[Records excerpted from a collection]
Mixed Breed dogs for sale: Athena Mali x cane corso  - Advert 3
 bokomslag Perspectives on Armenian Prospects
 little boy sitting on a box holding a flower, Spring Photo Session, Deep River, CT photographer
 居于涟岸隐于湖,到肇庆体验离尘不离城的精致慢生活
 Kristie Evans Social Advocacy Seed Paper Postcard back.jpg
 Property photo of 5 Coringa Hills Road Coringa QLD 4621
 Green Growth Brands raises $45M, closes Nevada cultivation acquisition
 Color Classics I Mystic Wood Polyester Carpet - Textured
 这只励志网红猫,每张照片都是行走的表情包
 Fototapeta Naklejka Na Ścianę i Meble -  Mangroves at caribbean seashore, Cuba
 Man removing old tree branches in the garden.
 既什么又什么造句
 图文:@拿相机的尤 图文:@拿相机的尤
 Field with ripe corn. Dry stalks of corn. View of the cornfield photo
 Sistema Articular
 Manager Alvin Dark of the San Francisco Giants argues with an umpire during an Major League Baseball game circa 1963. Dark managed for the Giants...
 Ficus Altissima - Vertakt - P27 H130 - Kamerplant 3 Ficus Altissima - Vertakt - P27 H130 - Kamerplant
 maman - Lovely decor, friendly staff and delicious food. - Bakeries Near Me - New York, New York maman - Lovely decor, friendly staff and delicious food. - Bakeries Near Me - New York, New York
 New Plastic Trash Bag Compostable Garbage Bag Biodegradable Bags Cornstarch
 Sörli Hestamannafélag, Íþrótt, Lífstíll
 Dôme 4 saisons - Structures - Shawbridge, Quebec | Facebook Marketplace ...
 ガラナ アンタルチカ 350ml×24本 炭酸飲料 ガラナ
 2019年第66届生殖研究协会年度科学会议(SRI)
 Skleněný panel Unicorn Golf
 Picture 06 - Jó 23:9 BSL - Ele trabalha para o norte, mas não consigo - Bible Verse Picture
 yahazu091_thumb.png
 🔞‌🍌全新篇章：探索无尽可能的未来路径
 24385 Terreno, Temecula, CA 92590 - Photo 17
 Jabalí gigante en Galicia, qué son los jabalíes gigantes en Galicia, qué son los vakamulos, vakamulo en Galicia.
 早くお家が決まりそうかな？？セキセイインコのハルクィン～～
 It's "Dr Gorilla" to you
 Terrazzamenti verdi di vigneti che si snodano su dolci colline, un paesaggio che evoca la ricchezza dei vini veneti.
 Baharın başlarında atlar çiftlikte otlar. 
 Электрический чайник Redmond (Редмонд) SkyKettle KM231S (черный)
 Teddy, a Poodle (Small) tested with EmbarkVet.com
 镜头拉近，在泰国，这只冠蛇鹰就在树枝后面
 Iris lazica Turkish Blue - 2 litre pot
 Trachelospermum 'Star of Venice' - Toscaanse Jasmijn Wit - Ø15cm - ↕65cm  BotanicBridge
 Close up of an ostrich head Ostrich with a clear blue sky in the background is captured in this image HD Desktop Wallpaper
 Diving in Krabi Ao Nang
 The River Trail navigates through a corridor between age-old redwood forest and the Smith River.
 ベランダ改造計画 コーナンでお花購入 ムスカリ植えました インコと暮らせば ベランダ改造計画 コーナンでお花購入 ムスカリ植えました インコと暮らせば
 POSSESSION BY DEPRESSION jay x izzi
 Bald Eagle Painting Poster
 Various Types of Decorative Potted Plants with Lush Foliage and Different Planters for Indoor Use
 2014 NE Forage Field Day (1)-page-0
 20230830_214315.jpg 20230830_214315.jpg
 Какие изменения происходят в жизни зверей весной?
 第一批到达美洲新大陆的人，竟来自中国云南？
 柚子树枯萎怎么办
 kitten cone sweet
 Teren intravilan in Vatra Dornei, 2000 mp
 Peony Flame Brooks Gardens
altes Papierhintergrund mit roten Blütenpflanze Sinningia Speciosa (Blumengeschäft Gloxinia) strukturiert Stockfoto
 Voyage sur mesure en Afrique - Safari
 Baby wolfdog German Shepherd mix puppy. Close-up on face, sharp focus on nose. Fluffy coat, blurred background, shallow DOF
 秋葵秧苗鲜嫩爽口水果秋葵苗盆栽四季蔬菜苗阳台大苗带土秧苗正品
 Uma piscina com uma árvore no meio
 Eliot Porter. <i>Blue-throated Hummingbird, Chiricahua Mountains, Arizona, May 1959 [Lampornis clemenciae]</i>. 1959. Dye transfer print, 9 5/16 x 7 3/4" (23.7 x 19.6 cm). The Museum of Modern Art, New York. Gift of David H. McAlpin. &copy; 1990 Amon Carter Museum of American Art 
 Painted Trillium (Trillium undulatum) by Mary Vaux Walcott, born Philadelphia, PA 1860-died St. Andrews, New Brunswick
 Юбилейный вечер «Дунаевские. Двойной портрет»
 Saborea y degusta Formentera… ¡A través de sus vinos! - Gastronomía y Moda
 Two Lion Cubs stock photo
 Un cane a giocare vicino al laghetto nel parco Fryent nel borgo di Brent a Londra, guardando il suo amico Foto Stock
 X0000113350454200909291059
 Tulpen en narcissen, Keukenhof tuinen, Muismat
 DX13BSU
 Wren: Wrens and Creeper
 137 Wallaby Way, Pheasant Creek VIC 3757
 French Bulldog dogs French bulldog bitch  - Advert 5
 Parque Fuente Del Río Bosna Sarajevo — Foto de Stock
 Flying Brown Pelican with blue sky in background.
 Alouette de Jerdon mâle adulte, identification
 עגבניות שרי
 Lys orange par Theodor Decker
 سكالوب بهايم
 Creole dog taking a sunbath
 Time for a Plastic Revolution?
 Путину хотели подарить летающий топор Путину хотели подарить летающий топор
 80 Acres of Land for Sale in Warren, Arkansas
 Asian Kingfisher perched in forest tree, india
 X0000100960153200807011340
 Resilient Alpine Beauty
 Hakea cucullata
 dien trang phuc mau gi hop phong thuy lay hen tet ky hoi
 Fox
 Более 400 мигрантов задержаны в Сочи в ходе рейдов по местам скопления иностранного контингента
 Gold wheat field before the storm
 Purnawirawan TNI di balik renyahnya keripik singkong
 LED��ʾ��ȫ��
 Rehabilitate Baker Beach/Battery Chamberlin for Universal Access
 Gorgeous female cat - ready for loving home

__About this task__:
Exact copies of the lines from the one holding "137 Wallaby Way, Pheasant Creek VIC 3757" to the end of the entries are all that should be written.

__Response box__:
 137 Wallaby Way, Pheasant Creek VIC 3757
 French Bulldog dogs French bulldog bitch  - Advert 5
 Parque Fuente Del Río Bosna Sarajevo — Foto de Stock
 Flying Brown Pelican with blue sky in background.
 Alouette de Jerdon mâle adulte, identification
 עגבניות שרי
 Lys orange par Theodor Decker
 سكالوب بهايم
 Creole dog taking a sunbath
 Time for a Plastic Revolution?
 Путину хотели подарить летающий топор Путину хотели подарить летающий топор
 80 Acres of Land for Sale in Warren, Arkansas
 Asian Kingfisher perched in forest tree, india
 X0000100960153200807011340
 Resilient Alpine Beauty
 Hakea cucullata
 dien trang phuc mau gi hop phong thuy lay hen tet ky hoi
 Fox
 Более 400 мигрантов задержаны в Сочи в ходе рейдов по местам скопления иностранного контингента
 Gold wheat field before the storm
 Purnawirawan TNI di balik renyahnya keripik singkong
 LED��ʾ��ȫ��
 Rehabilitate Baker Beach/Battery Chamberlin for Universal Access
 Gorgeous female cat - ready for loving home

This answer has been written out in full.